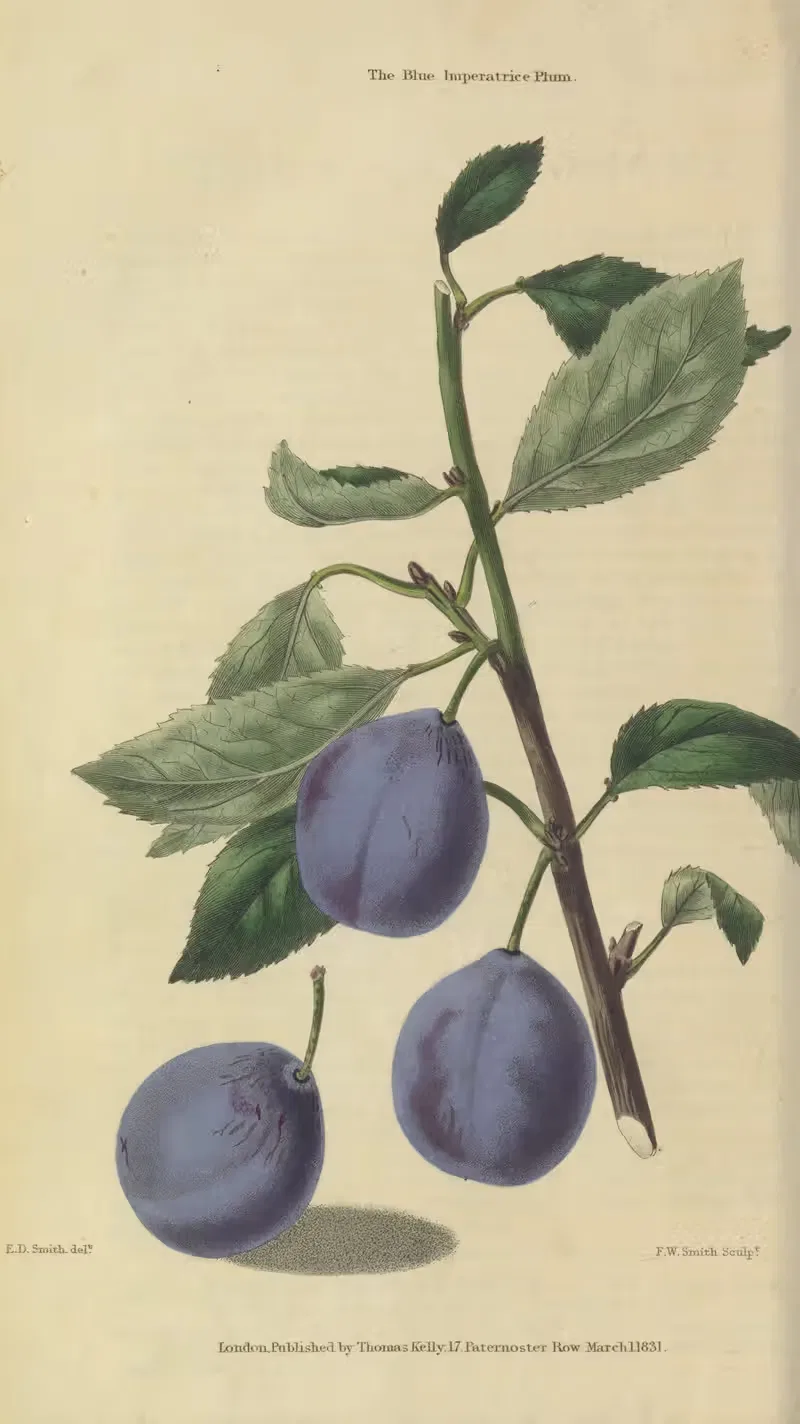 Blue Imperatrice Plum by Charles McIntosh, 1829 — digital art print download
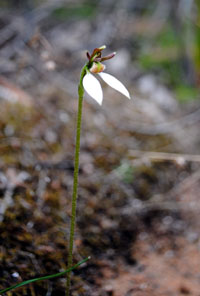 "parsons band" (native orchid)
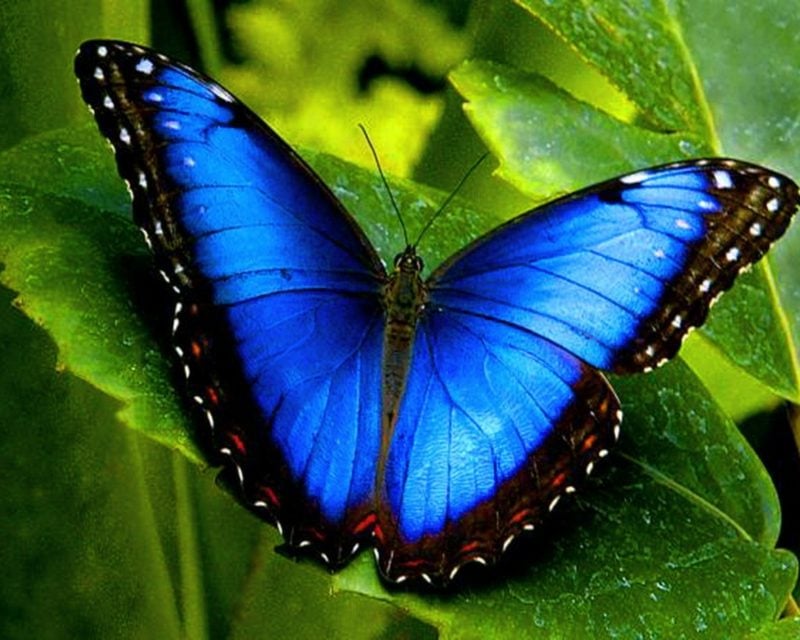 Schmetterling Bedeutung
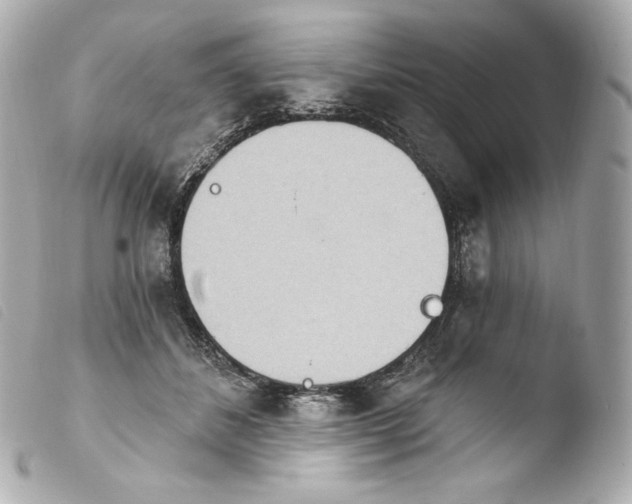 X0000103910508200810031216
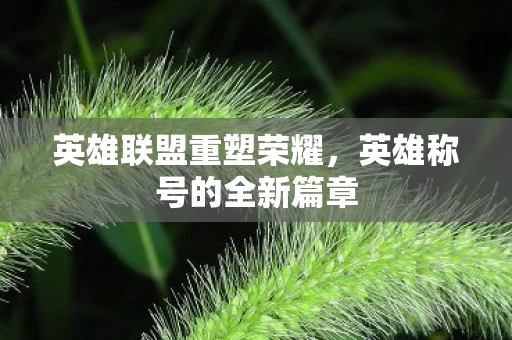 英雄称号的全新篇章图片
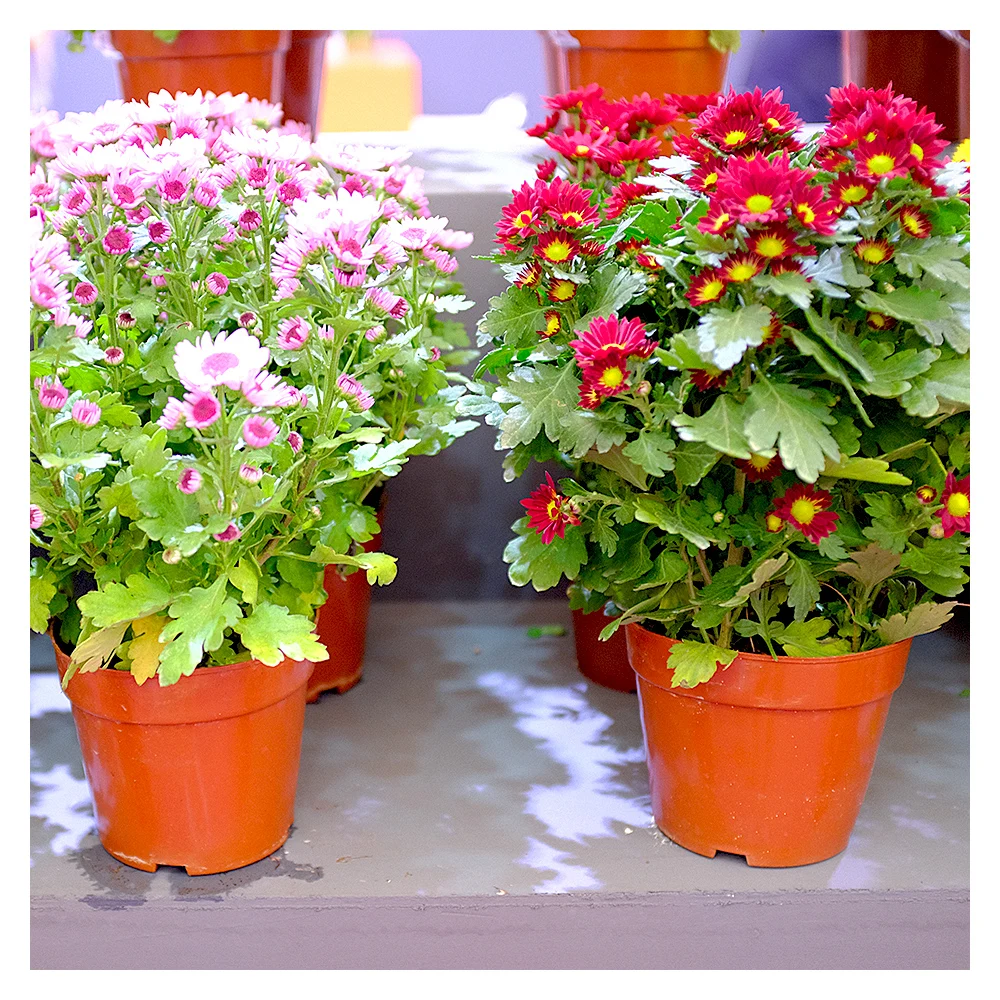 Home Decoration Color Small Plastic Flower Pots, 3 Inch Flower Pots For Sale
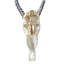 Véritable crâne d'antilope Blesbok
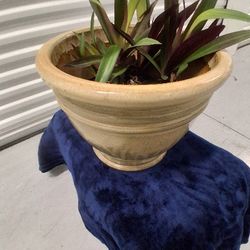 NEW  "MAGESTIC FOUNTAINS" PLANTER WITH PLANTER, ROCKS, SOIL AND PLANT, SMALL CHIP ON THE BOTTOM, PRICE REDUCED, BARLEY NOTICABLE, NICE SETUP!!!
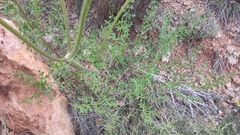 Ligusticum lucidum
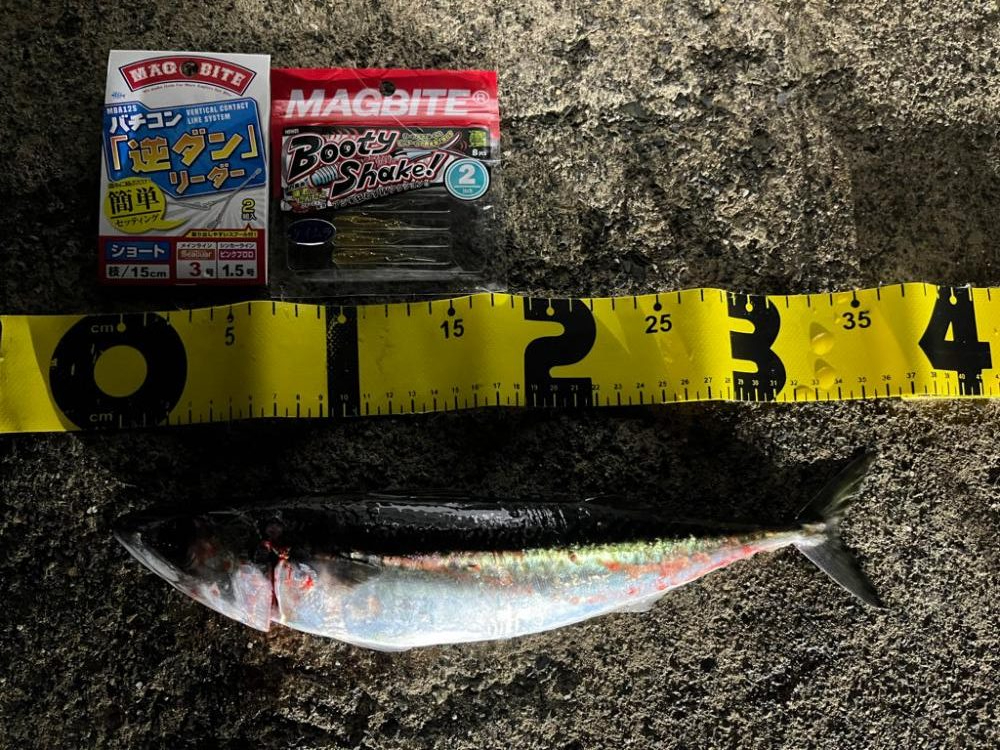 バチコンリベンジ　#マグバイト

● ● ●

# BRIEF
Repeat the material exactly. Skip the images.

# SOLUTION TO THE EXERCISE
 Blue Imperatrice Plum by Charles McIntosh, 1829 — digital art print download
 "parsons band" (native orchid)
 Schmetterling Bedeutung
 X0000103910508200810031216
 英雄称号的全新篇章图片
 Home Decoration Color Small Plastic Flower Pots, 3 Inch Flower Pots For Sale
 Véritable crâne d'antilope Blesbok
 NEW  "MAGESTIC FOUNTAINS" PLANTER WITH PLANTER, ROCKS, SOIL AND PLANT, SMALL CHIP ON THE BOTTOM, PRICE REDUCED, BARLEY NOTICABLE, NICE SETUP!!!
 Ligusticum lucidum
 バチコンリベンジ　#マグバイト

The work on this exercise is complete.